Hacker News new | ask | show | jobs
by TheHydroImpulse 3505 days ago
Until you need to add another server, or 10 or 100... Not to mention it's another set of skills you need to have. It's a tradeoff. (I'm not talking about "we may need 100 servers next year because we'll have all this traction by then" -- I'm talking about "our load is growing at 1.5x every month or next month we need X capacity")

I just finished booting up two new clusters with 5 and 15 nodes, respectively and cycled them a couple of times after making changes to the AMI. The clusters are in ASGs and will scale based on resource usage. I can't do that with bare metal.

3 comments

This argument always comes out when someone points out how much bare metal stomps AWS. Here are some counterpoints

a) A large portion of AWS hosted stuff probably doesnt need that level of sudden, burst scaling

b) With something like SoftLayer/IBM you can scale physical servers, usually within 30 - 60 minutes

c) If your burst scaling requirement are temporary, if you are located in a decent DC, you can probably spin up some infra in AWS and access your physical stuff over a private network connection and get the best of both worlds.
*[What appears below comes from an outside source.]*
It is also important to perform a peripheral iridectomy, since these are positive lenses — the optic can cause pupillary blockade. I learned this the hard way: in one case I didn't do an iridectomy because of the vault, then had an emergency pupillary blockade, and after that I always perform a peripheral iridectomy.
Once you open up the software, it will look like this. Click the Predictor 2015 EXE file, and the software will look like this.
As always, use what's best for your environment.

a) I don't really have a good enough sample size but I'd imagine a lot don't.

The biggest selling point of AWS is everything around it. You don't just get EC2, you get Route53, ELB, VPC, RDS, S3, CloudFront (although it's kinda expensive), ECS, etc... If I can pay AWS to do something instead of building it, I'll do it.
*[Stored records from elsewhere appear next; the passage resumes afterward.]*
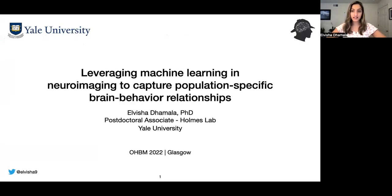Hi, I'm Alvesha Damala, and I'm a postdoc at Yale University in the Holmes Lab. Today I'm going to be talking about how we can leverage machine learning and neuroimaging to capture population-specific brain behavior relationships.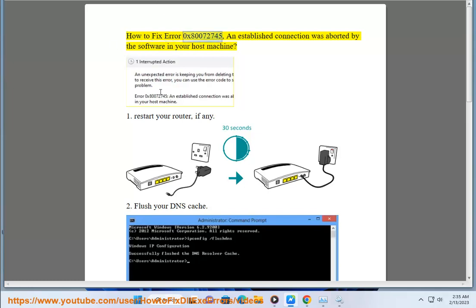How to fix error 0x80072745: an established connection was aborted by the software in your host machine.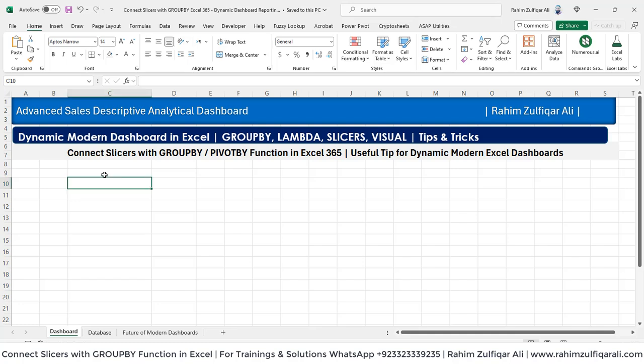Hi, this is Raheem Zulfikareli. In this video tutorial we will learn one awesome concept regarding creating a dynamic and modern Excel dashboard using dynamic array formula that will be group by with a combination of lambda by row, and we will be connecting the slicers with group by function in this Excel 365 version. That will be very useful if you are creating Excel dashboards with the latest version and that should be dynamic and modern. So let's get started.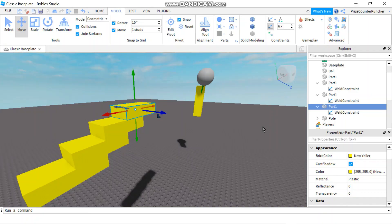Those are the different methods of welding in Roblox that you can use to attach your parts together.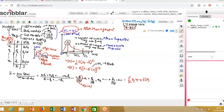The expected loss is the average loss that a bank can earn — it's simply the average loss. The unexpected loss, on the other hand, is a variation — a variance from the average loss. That is, it is a dispersion about the expected loss. So whatever is not the expected loss is your unexpected loss.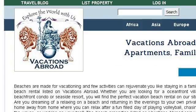Last but not least, try our third-ranked site www.vacations-abroad.com. The webpage covers Beach Rentals and Vacation Apartments.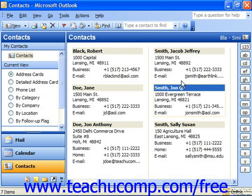If you have multiple contacts that share something in common, you can group them together. You may do this if you have several different contacts at the same company, for example. To group related contacts together in Outlook, open one of the contacts that you want to associate with another contact in your contacts folder.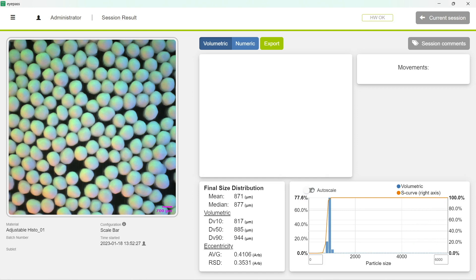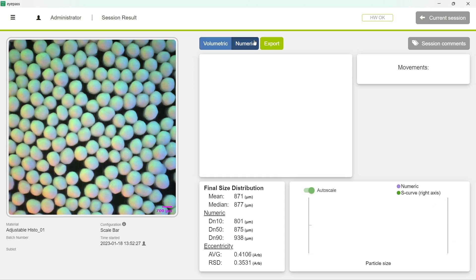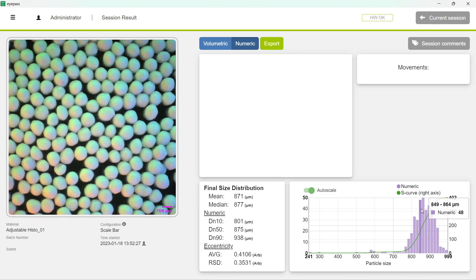And have it displayed both in volumetric, that has this deeper shade of blue, or numeric, which is the soft lavender. And we have decided to use different colors so you could easily identify what mode you're measuring your session in.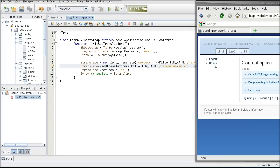Greetings! In the previous tutorial we went as far as changing the language of the page based on the locale set using the manual setLocale method of the ZenTranslate object. This time we are going to let Zen Framework automatically pick the language to translate based on the browser's preference or the user's manual selection.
Most startups hope that they'll suddenly need to increase capacity by 100x, but it nearly never happens. Most vendors can provide dedicated servers within a few minutes (if you don't order too many at once), so scaling is still possible in the vast majority of cases.

Even if you always have to scale up for 1-2 hours per day, using dedicated hardware that's idle the rest of the day is probably cheaper in most cases.
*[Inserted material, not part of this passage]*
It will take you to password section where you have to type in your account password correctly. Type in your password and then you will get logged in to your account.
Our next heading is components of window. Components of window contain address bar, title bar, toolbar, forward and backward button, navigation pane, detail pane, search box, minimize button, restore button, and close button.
Oh, for sure. A lot of startups don't need that ability. I work for a pretty infra heavy startup so AWS is simply required at this point. But we've hit AWS capacity limits during the worst times (one of our clusters processing 20k events/sec hit 100% utilization) and they literally had no capacity left for that instance type. It's not a perfect thing all the time.

But in the end, the pros significantly outweigh the cons. Our resource consumption is naturally extremely elastic. While we'll always need to slightly over-provision to maintain some headroom, adding/removing nodes throughout the variance saves quite a bit of $.

There are other benefits also:

1. You can get started for dirt-cheap or in some cases, free

2. There's a common API for requesting new instances and performing maintenance tasks

3. There are extra services available to help build your apps such as SES, S3, and RDS to name but a few I found very helpful.

I'm not saying anything in this thread is wrong. But in software engineering, we say "write the code that only you can write", which is a suggestion (but not a rule) to use pre-built libraries instead of trying to make your own. Perhaps we should also say, "run the instances that only you can run".

>2. There's a common API for requesting new instances and performing maintenance tasks

Only true if you commit to vendor lock-in. If you use a higher-level cloud agnostic library, then it likely works with openstack as well so you can manage on-prem and off-prem instances the same.

At a high enough scale, you have a lock-in _somewhere_. Spending time trying to abstract yourself from any lock-in can be wasteful.
You can also rent VPS servers that are still cheaper than AWS temporarily and add them to the cluster whilst waiting for dedicated hardware.
Unfortunately, mixing and matching ends up really complicating things especially with security in mind. Many people run within a VPC and bridging to another private network is, well, I don't really want to think about it at this time.
We've found OpenVPN to be our friend here: create an overlay network that doesn't really care if nodes are bare metal or "cloud".
I thought about that too, but as far as I see with OpenVPN you have the single OpenVPN server as single point of failure and all the traffic goes through the server, which quickly becomes a chokepoint. If I needed this again, I'd try out tinc first. It does not appear to have the single point of failure issue.
We have multiple standby servers to prevent the SPOF issue.

One problem we HAVE seen is a reduction in maximum bandwidth. Since we're CPU limited, however, it hasn't really been an issue.

That's the thing - it is much easier nowadays. Kubernetes requires your containers to run on flat shared networking namespace, so your new machine joins that network. It is like running within VPC. Software like Rancher makes the process of adding new server a matter of executing a one liner on server.
"Sure, you could just buy a toyota corolla and get to and from work without much hassle. However, I commute in a lamborghini gallardo in case I need to get from 0-60mph in 2.8 seconds to snag a narrow spot on the expressway from an onramp. I can't do that with a toyota corolla."

I can't wait until the day that we mature as an industry enough to consider running any kind of baseline workload on EC2 negligent.

I'm talking about _my_ use case for using AWS. I'm sure other people have similar requirements. We manage hundreds of servers, process over 50 billion events/month and losing data is unacceptable.

In the HN echo chamber, you might think everyone just has a SPA and just needs a Digital Ocean droplet. Everyone has different requirements and AWS fits those for many people.